A psicóloga Renata Moreira concorda e diz que o ciúme é essencialmente um fenômeno que faz parte da nossa evolução como espécie.
“A grande visão de Darwin nos ajudou a perceber que nossa história é toda baseada numa luta pela sobrevivência, o que envolve uma dinâmica de competição intensa, que pode acontecer entre grupos distintos, como irmãos, colegas e pretendentes sexuais. A partir desse ponto de vista, o ciúme nada mais é do que uma estratégia evolutiva, uma emoção que nos acompanha para nos defender em ambientes e situações hostis”, explica.

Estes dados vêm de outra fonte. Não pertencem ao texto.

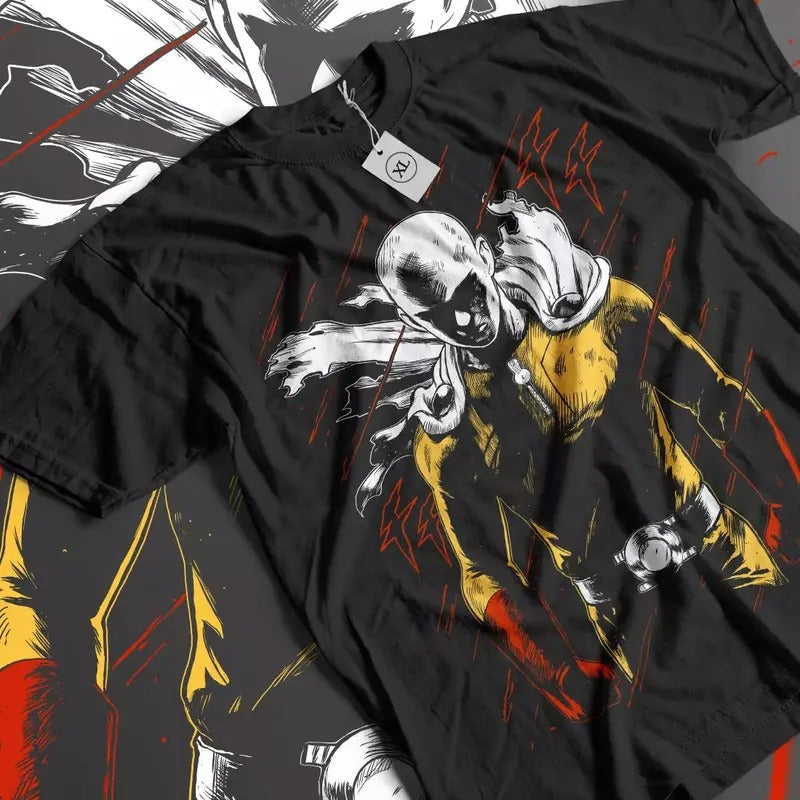 SAITAMA One Punch Man Anime Manga Black All Size - Adult & Kids T-Shirts, Sweatshirts & Hoodies apparel design preview 1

Para Moreira, o segredo é descobrir como controlar essa sensação potente e todos os seus efeitos.
“Saber que o nosso ciúme tem uma razão na nossa evolução não justifica a raiva, a suspeita e a retaliação daqueles que estarão envolvidos nessa emoção. A verdade é que podemos, sim, nos motivar pelos temores e ansiedades que nos rodeiam", pondera.
"O importante é encontrarmos uma maneira de utilizarmos o ciúme para que ele seja sempre uma solução benéfica, e não um instrumento de destruição”, sintetiza.
Confira abaixo algumas dicas da psicóloga Renata Borja sobre como lidar com o medo da perda e o ciúme no seu dia a dia:
1 - Identifique as situações e gatilhos que ativam o seu ciúme e se prepare para enfrentá-los de forma mais adaptativa quando eles acontecerem.
2 - Lembre-se de que você pode sentir ciúme e que ciúme é uma emoção natural. Seja autocompassivo. Não brigue com a sua emoção. Acolha a sua emoção, sem cobranças e sem culpa.
3 - Questione a validade do seu pensamento. Não permita que ele destrua seus planos, metas e propósitos. Não é porque você pensa que pode ser traído que isso vai acontecer. E, mesmo que você algum dia venha a ser traído, o seu ciúme não evitará que isso aconteça, pelo contrário, pode até mesmo contribuir para a perda de afeto ou de interesse pelo seu parceiro.
4 - Busque comportar-se de forma construtiva. O ciúme é uma emoção que vem carregada de raiva, mas isso não significa que você tenha que se preocupar, brigar, cobrar, questionar (interrogar), perseguir, espionar, agredir ou controlar ninguém. Lembre-se de que esses comportamentos em geral só contribuirão para que você se afaste da pessoa alvo do seu ciúme. Troque esses comportamentos destrutivos por cuidado, atenção, generosidade, carinho e gentileza.
5 - Viva o seu momento presente da melhor forma que puder. Medite, faça mindfulness ou simplesmente valorize as pequenas coisas do seu cotidiano, como uma caminhada ao ar livre, um sorvete, um pôr do sol e todas as pequenas coisas do seu dia.